I’m playing around with a simple brown yeast loaf that you just mix, allow to rise in the tin (if the house is warm enough!) and then cook but my favourite bread at the moment is this version of a Spelt Loaf which I originally found in the Cornucopia cookbook. It takes minutes to mix up, is fantastic when it comes out of the oven (just try to cool it before cutting!), freezes well and – best of all – tastes amazing when toasted because of all the seeds.
Seedy Spelt Bread
Warm water – 550ml
Blackstrap molasses or treacle – 1 tablespoon
Spelt flour – 475g
Baking powder – 2½ teaspoons
Fine sea salt – 1 heaped teaspoon
Mixed seeds – 150g. Make your own combination of linseeds, sesame, sunflower, pumpkin and poppy seeds. I often add spelt flakes as well.
Spelt flakes or sesame seeds for sprinkling
Sunflower oil for the tin
Preheat the oven to 180ºC (both regular and fan oven) and oil a 2lb (900g) loaf tin with sunflower oil.
Mix the water and molasses together, whisking well to ensure the molasses dissolves. Set aside. Sift the spelt flour, baking powder and sea salt into a large bowl. Add the mixed seeds, mix well and make a well in the centre.
Pour in the combined molasses/water mixture into the well. Shaping your hand like a claw – it’s much easier than a spoon – use it to quickly bring the ingredients together. Do not over mix the dough, which should be fairly runny.
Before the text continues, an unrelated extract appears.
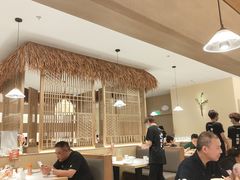 -上关东东北菜(夫子庙水游城店)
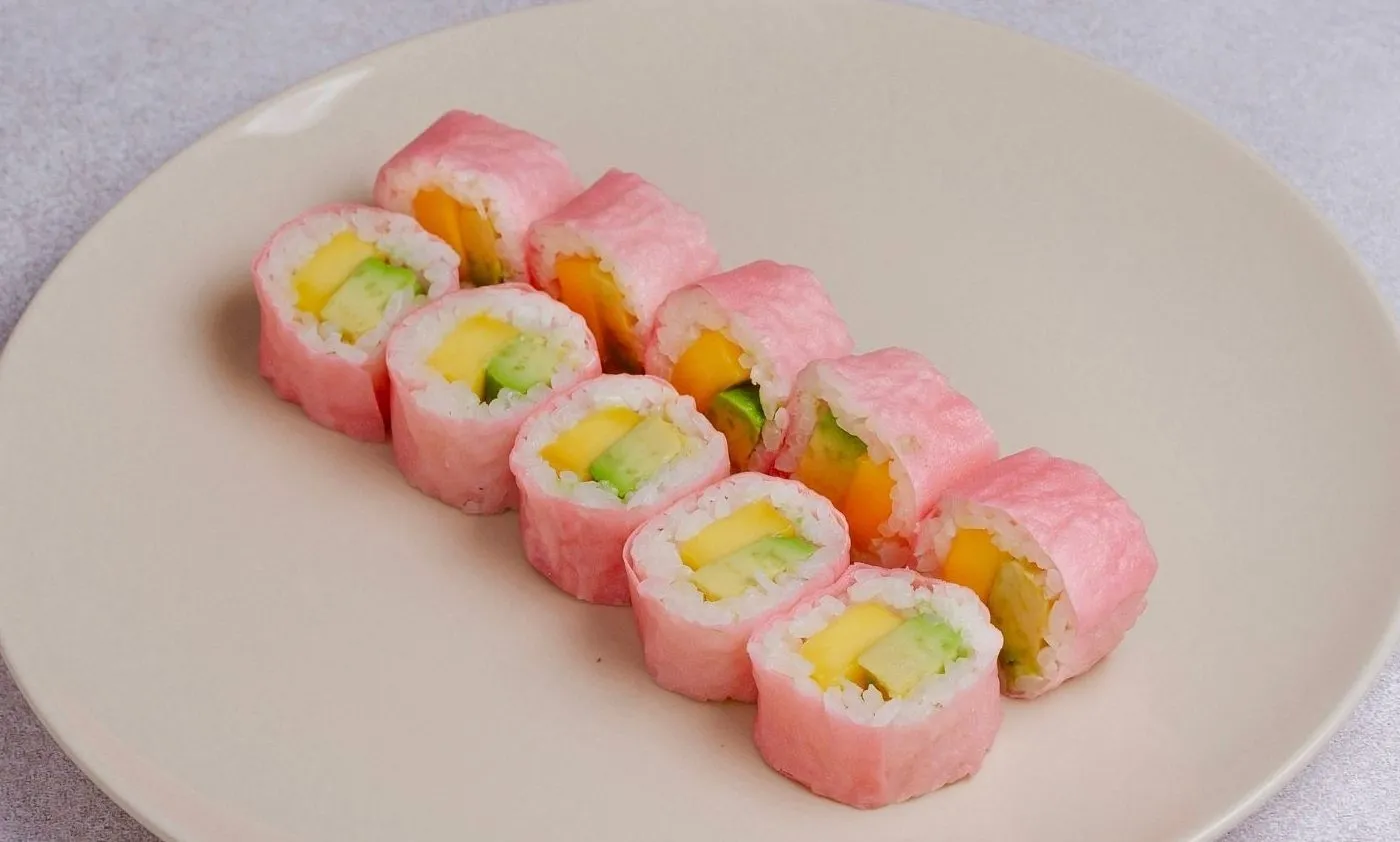 HOSOMACZKI KIDS AWOKADO MANGO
Pour into the prepared tin and sprinkle with spelt flakes, sesame seeds or both (I have jumbo oats and sesame seeds on the loaf in the picture). Bake for about 60 minutes (regular). If cooking the bread in a fan oven, give it 30 minutes at 180ºC, then turn it down to 160ºC for another 30 minutes. Either way, the loaf may need to be turned out of the tin and cooked upside down for 10-15 minutes extra until it sounds hollow when tapped on the base. Ccover with a clean tea towel and cool on a wire rack.
Makes 1 x 2lb (900g) loaf.
Adapted from Cornucopia at Home by Eleanor Heffernan.
A delightful and beautiful bread! I bet it tastes as good as it looks!Cheers,Rosa
I have the Cornucopia book but have yet to try any of their breads – I think I know which will be first on my list to try now 🙂
My cornucopia book is winging it’s way to me from Amazon at the moment, can’t wait to get my hands on it!! this looks gorgeous as always!
That cookbook is one that I keep returning to again and again – lots of ideas and plenty of dishes that are easy to make. It and the Leon cookbook are on constant rotation around the house these days.